Pretty in Pink: How Birds Make Pink

Friday, 28 July 2023

  • Estimated reading time 1 minute

These Australian birds were pretty in pink long before Barbie, but how do they do it?

Birds have some of the brightest and most varied plumage in the animal kingdom, and pink is undoubtedly one of the most striking colours of all, but not all pinks are created equal and there are different ways birds produce these magnificent hues.

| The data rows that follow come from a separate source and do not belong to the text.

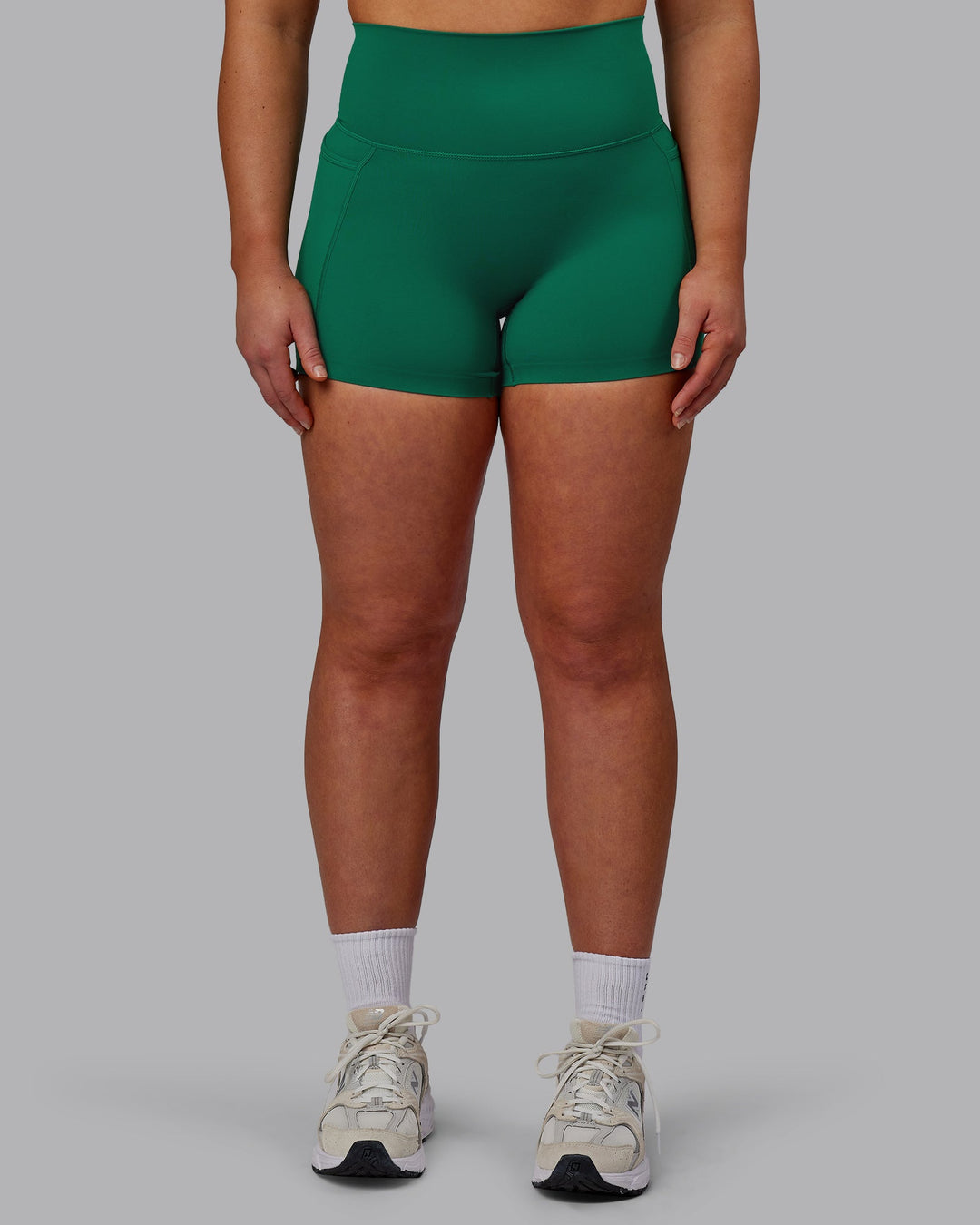 Woman wearing Elixir Ultra High-Rise 4" Short Pockets - Malachite
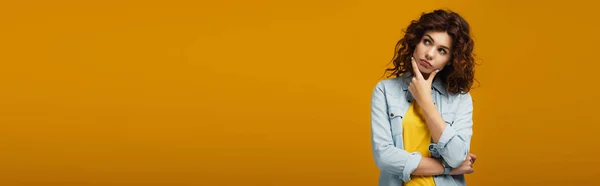 Panoramic shot of pensive woman thinking while standing on orange — Stock Photo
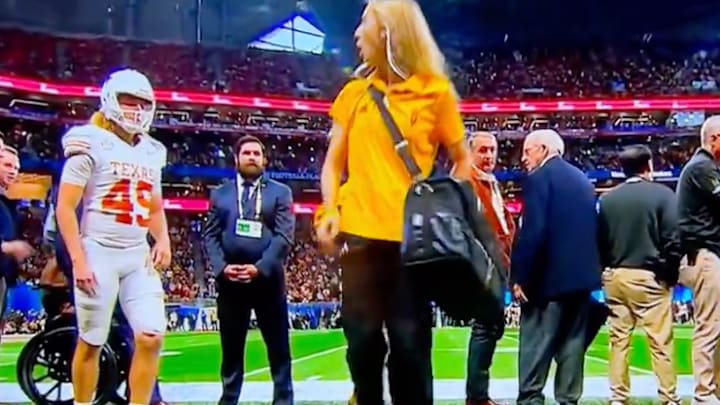 An Arizona State staffer walks past Texas kicker Bert Auburn as he warms up during the fourth quarter of the Peach Bowl vs. the Sun Devils on January 1, 2025. An Arizona State staffer walks past Texas kicker Bert Auburn as he warms up during the fourth quarter of the Peach Bowl vs. the Sun Devils on January 1, 2025.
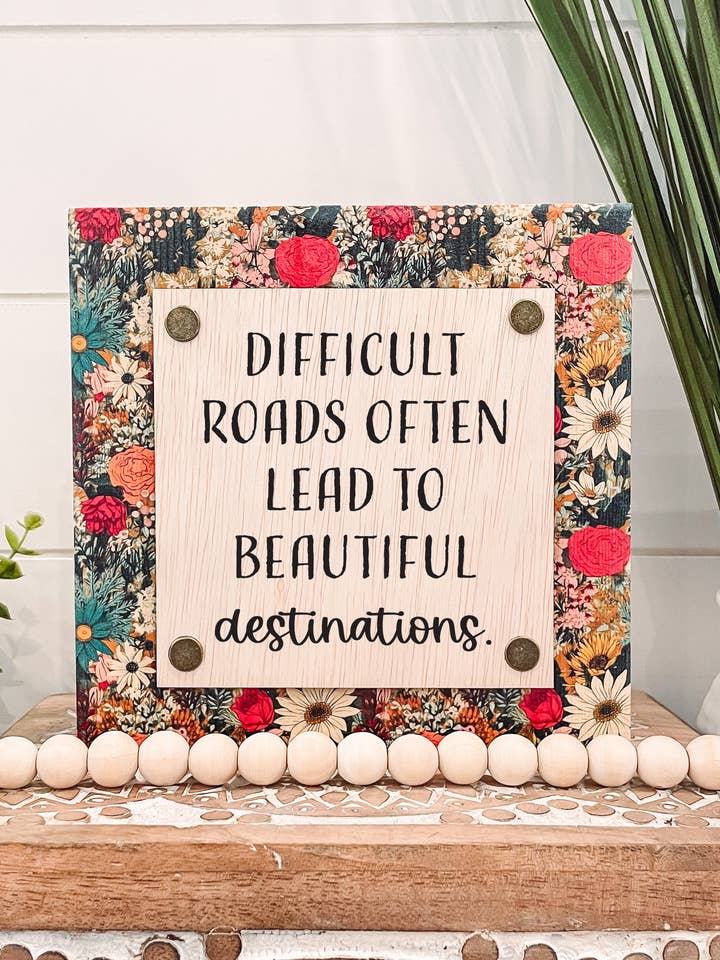 Difficult Roads Often Lead to Beautiful Destinations Sign for wholesale by Willie & Dolly Designs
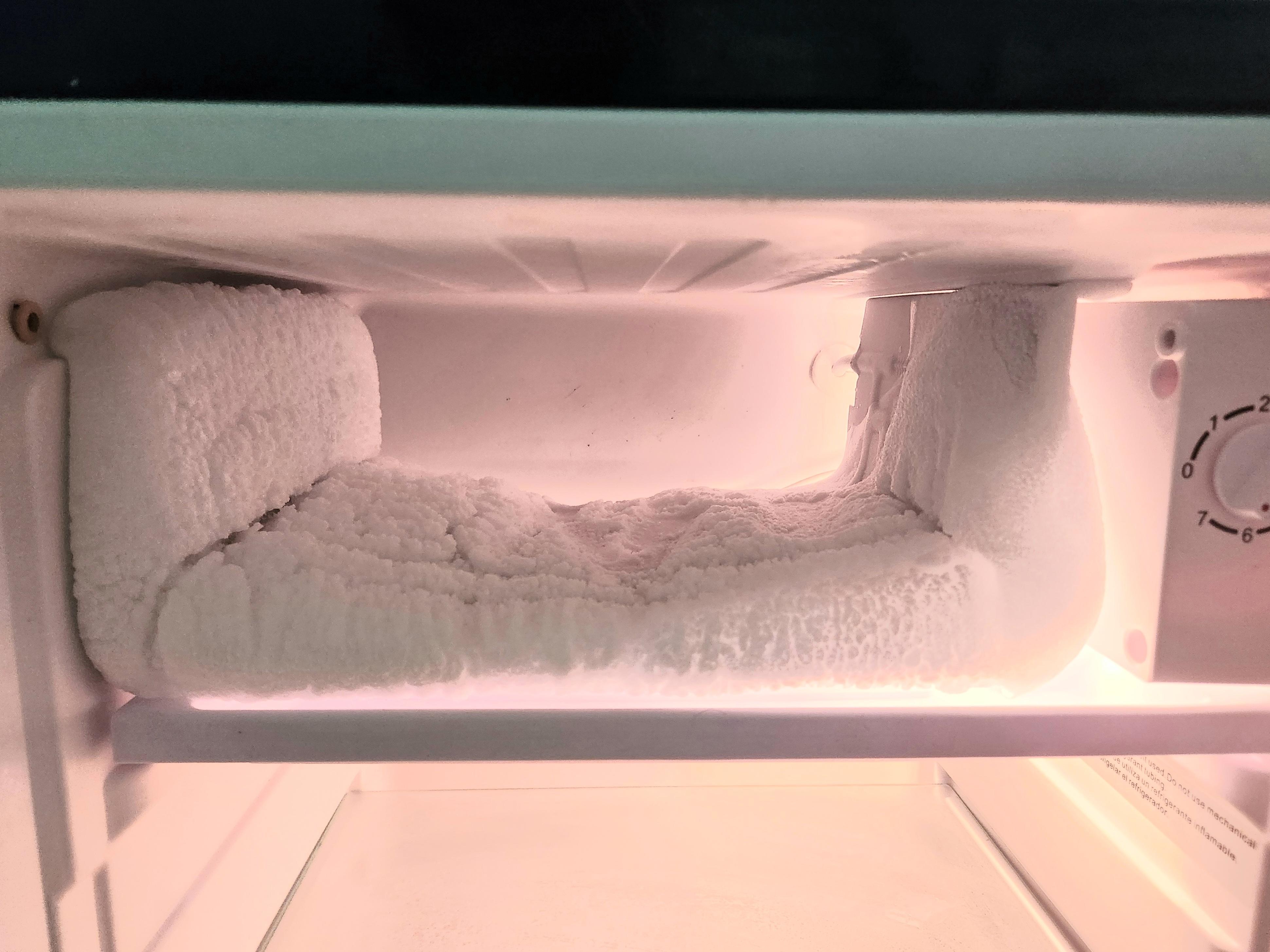 Freezer in mini-fridge, layers of 'snow' & no door on freezer.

The breast of the male Pink Robin is a brilliant fuchsia due to pigments called Carotenoids, which are consumed through the birds diet and deposited into its feathers. This pigment found in plants, algae, fungi, and bacteria, gives many birds their coloured plumage. You may have heard that flamingos are pink due to the shrimp they eat. This is true in the sense that both shrimp and flamingos appear pink due to the Carotenoids in the algae they consume.

Pink Robin by David Adam

Parrots on the other hand, like the iconic Galah and Pink Cockatoo, produce yellow, pink, red, and orange hues due to pigments called Psittacofulvins, which are unique only to parrots and found nowhere else in nature. Unlike Carotenoids, this pigment is manufactured in-house by the bird itself. Porphyrins are another type of pigment manufactured in-house that produce pinks, reds, and browns in some birds such as pigeons and owls.

Galah in grass
Galah by Olivia Congdon

Some birds also produce coloured plumage through light refraction in which light scatters when interacting with the feather structure itself, producing blues, violets and iridescent sheens. In this way, the male Satin Bowerbird appears an iridescent violet-blue to the naked eye, despite being uniformly black in its adult plumage.